Lunedì 9 Dicembre 2019
L'INTERVISTA
«E' finito tutto in quattro anni. Bruciato. Dopo aver girato il mondo in concerti anche con i Led Zeppelin, ti accorgi all'improvviso che non ti chiama più nessuno. Telefono a mia madre: Arrivo in aereo a Venezia a mezzanotte e vengo a casa. Lei si è messa a piangere. In aeroporto ho trovato il taxi che mamma mi aveva mandato da Conegliano. Il mondo della musica ti porta in alto, credi sbagliando di essere qualcuno, invece non sei nessuno».

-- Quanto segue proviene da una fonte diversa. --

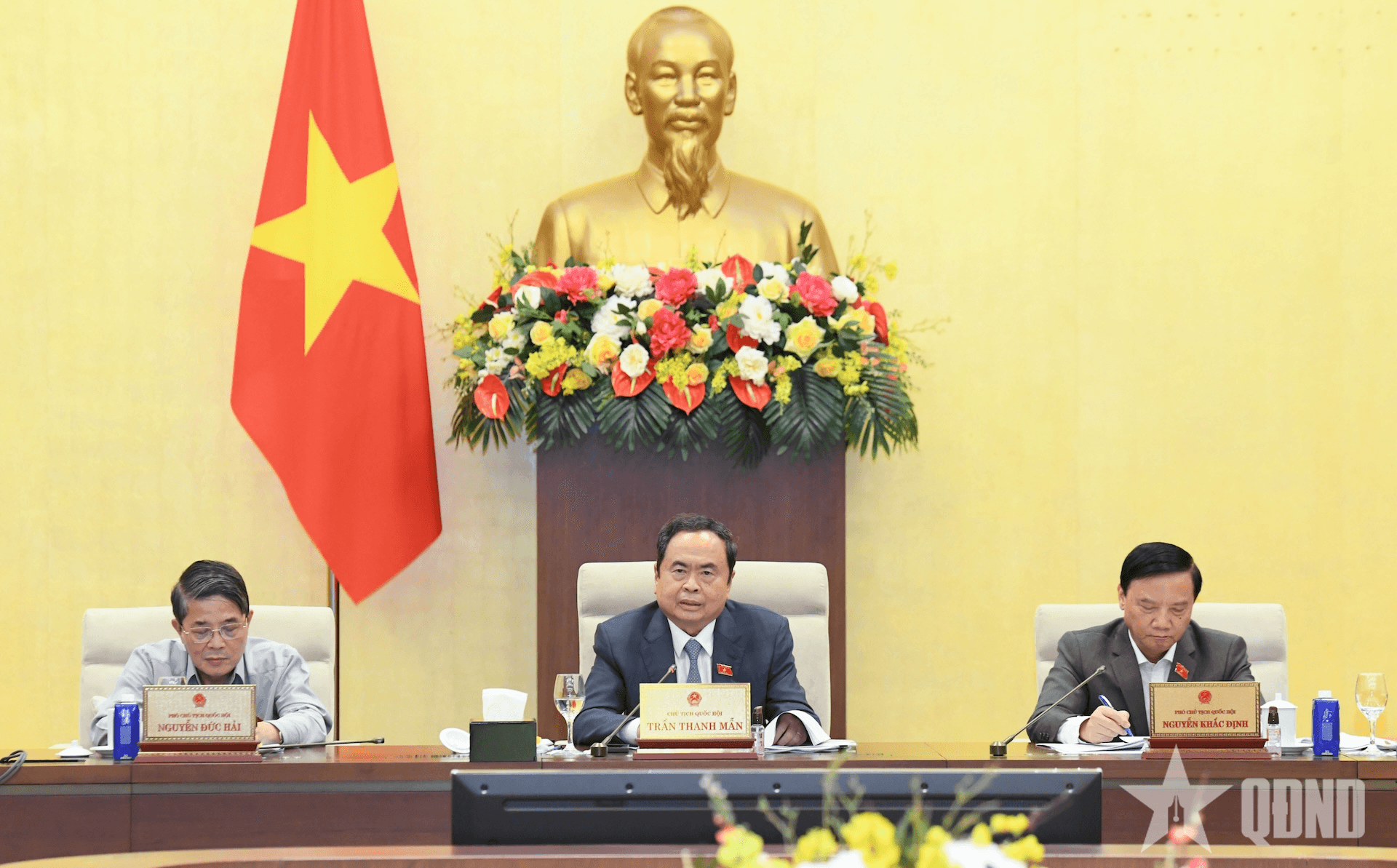 Tiếp tục hoàn thiện cơ chế, chính sách đặc thù phát triển nhà ở xã hội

Questa è la storia delle tre vite di Mario Potocnik, 59 anni, di Pieve di Cadore: la prima vita da Mario l'enologo, la seconda da cantante con nome d'arte di Reeds, la terza di nuovo da Mario come editore enogastronomico. Spesso lo si rivede in televisione, a Techetechete è immancabile: è il ragazzone alto e biondo che canta a Discoring o al Festivalbar. Allora, erano i primi anni '80, vendeva milioni di copie in tutto il mondo: 12 dischi, con Polydor e Rca, tra il 1984 e il 1988, successi internazionali come Imagination e In our eyes, rigorosamente cantati in inglese. Lo spacciavano per straniero, quello della dance venuta dal freddo, come la famosa spia dietro il Muro. «Era bastato cambiarmi il nome, il cognome funzionava già da solo. L'ufficio stampa raccontava quello che voleva e lo condiva con un po' di gossip che nessuno controllava». In quegli anni lo chiamarono addirittura al Festival di Sanremo come ospite straniero, mescolato ai Duran Duran e a Bon Jovi.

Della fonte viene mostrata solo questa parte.